Mortgage Capacity Report Example 27/10/2025 – 31/10/2025
Oliver Ben+Reece • November 3, 2025
Mortgage Capacity Snapshot: November Case Study
Every client’s financial journey tells its own story — and this week’s mortgage capacity assessment really highlights the balance between affordability and long-term stability.
Our client was looking to explore how much they could comfortably borrow based on their current income and financial position. Their income consisted of a private pension, Personal Independence Payment (PIP), and Employment and Support Allowance (ESA) — giving a total annual income of just under £25,000.
After reviewing the client’s credit commitments — which were modest and well-managed — and confirming that monthly outgoings were low, we moved on to assess their borrowing potential. Using a range of mainstream lender affordability calculators, we found that maximum mortgage offers varied between approximately £39,000 and £48,000, with the most competitive figure coming from Barclays at £44,400.

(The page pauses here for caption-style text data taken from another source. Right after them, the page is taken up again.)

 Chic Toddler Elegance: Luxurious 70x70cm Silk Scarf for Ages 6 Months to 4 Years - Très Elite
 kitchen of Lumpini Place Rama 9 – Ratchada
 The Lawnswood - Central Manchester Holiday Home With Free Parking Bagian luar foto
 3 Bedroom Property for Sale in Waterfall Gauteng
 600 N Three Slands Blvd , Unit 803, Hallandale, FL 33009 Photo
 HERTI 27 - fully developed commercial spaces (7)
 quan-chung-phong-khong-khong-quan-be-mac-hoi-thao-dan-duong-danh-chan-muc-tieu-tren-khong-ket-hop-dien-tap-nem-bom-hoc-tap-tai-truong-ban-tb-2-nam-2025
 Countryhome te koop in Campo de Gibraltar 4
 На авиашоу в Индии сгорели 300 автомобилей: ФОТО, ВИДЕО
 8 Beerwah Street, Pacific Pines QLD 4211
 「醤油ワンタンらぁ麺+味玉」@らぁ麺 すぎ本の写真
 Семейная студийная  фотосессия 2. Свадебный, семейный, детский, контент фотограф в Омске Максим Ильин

To put that into perspective, the example we used was based on a property valued at £400,000 with an 85% loan-to-value ratio over a seven-year term. At this level, a 2-year fixed rate with Barclays would see monthly repayments of around £604, or slightly higher if opting for a five-year fix.
While the numbers make a small mortgage technically feasible, it’s not just about what’s possible — it’s about what’s sustainable. During our discussions, the client mentioned some health considerations that could impact their financial resilience in the future. With that in mind, we suggested exploring the option of purchasing a property without a mortgage where possible, to minimise financial risk and ensure long-term peace of mind.
In summary, affordability looks positive on paper, but true financial security often comes from balancing ambition with practicality. Sometimes, the most sensible move isn’t about borrowing more — it’s about creating stability that supports the client’s lifestyle and wellbeing.